Best efforts will be made to keep this up to date, but there are no guarantees before a stable version is released. This file will log major feature advancements and bug fixes. Not quite everything will be noted (especially at first). Please check GitHub issues.
The Twitter "anaconda" package had an update which caused a breaking change in the retrieval of status update location.
Unfortunately had to remove support for InfluxDB as a storage engine. InfluxDB is undergoing some major changes and the client package has become unstable as a result (in terms of its API and breaking changes). Until InfluxDB is more stable, it has been removed. It wasn't working well for analytics anyway and hopefully that will change as well.

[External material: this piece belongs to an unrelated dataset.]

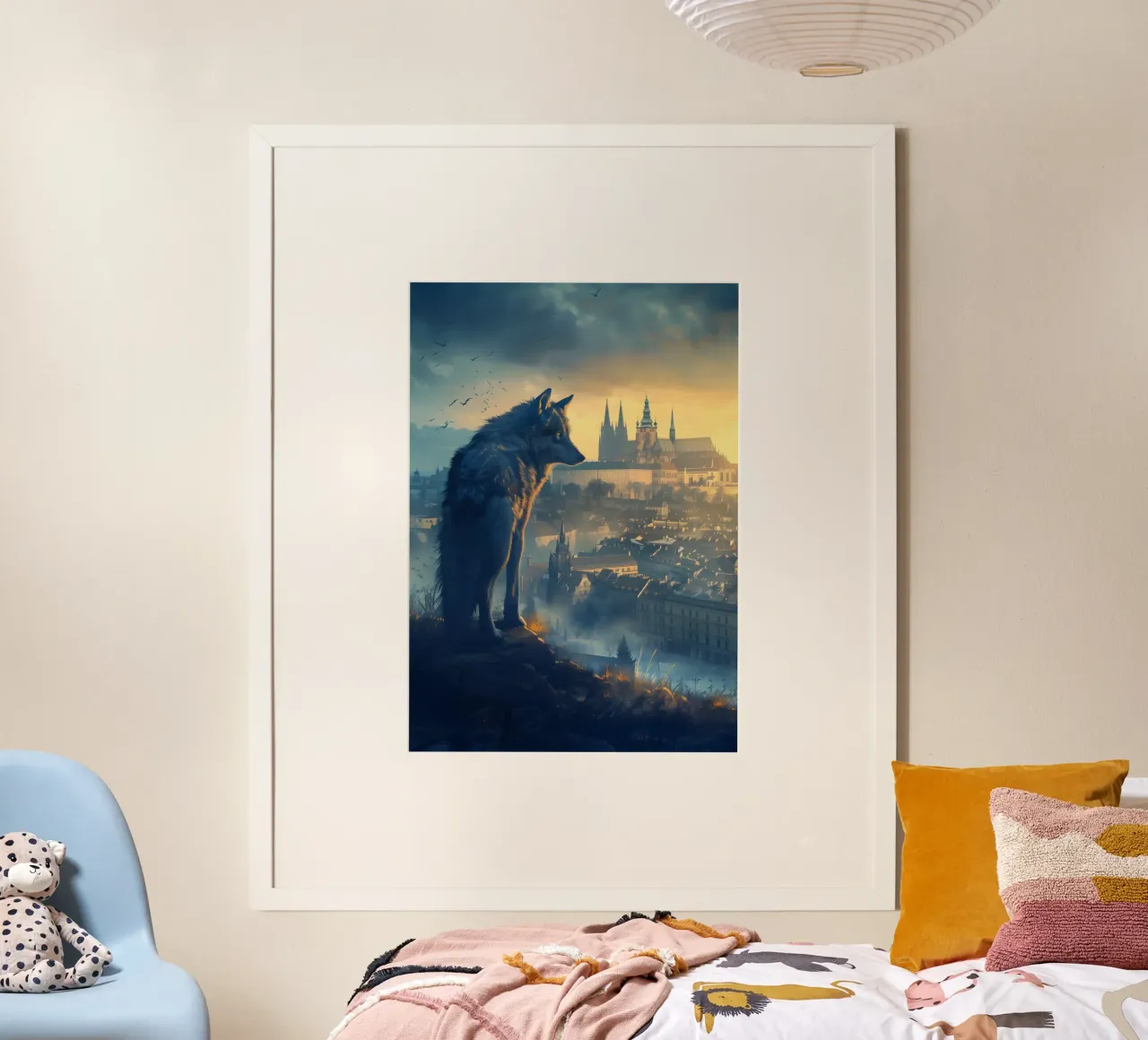 Lupo di Praga arte mistica e fantasy poster con telaio in alluminio da WILD ART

InfluxDB can still, of course, be used if setup through Fluentd. Fluentd can read log output from Social Harvest in order to store data practically anywhere.
With the addition of sentiment analysis, Social Harvest (harvester) is now in a feature complete state. Very little, in terms of API and schema for harvested data is expected to change between now and version 1.0. The first version of Social Harvest is focusing on analyzing and monitoring a core set of social networks with internal tools. There are no 3rd party APIs being used for geolocation, sentiment, or gender detection. This has prompted the "alpha" label.

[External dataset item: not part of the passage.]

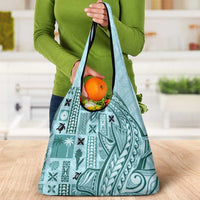 Samoa Tapa Grocery Bag Siapo Mix Tatau Patterns - Teal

Adjusted the schema for several series. ContibutorState
is now ContributorRegion
because it can include more
then just a US state. It is the equivalent to "admin2 code" in the Geonames data set. ContributorCounty
has been
removed. However, it may be added back in the future. The Geobed package can use yet another data set to decode id number
values to county names. However, it likely won't be added until needed (or until there's a better time to do so). This
does not affect plotted points on a map of course. The only benefit would be to group by county or fill a cloropleth
vector map (like those seen with D3.js). However, those are typically for US counties anyway. So it's limited. We can
also always get this kind of information after the fact given we have city, region, country.
Also added city population to the series with city location information. This will allow for a whole new dimension in reporting. It will now be possible to easily look at and aggregate data from major cities. It will also be possible to filter out data from small cities.
Removing depencency on external geocoding APIs. An in memory geodcoer (Geobed) is now used. This is also available as
a stand-alone package. The ContributorState
field is now more of a state/province/"admin2 code" value. Different
data sets (Geonames/MaxMind) had different values so it's not strictly for US states anymore. The ContributorCounty
field is now not used. It can be in the future though should Geobed add that data set and do all the lookups. The general
consuses was that county is so rarely used (and could be figured out later anyway based on city, state/region, country).
Fixing an issue with configuration where Postgres connection would be closed after configuring the database. It now will be closed once the application exits (like before). Fixing a SQL create table script as well.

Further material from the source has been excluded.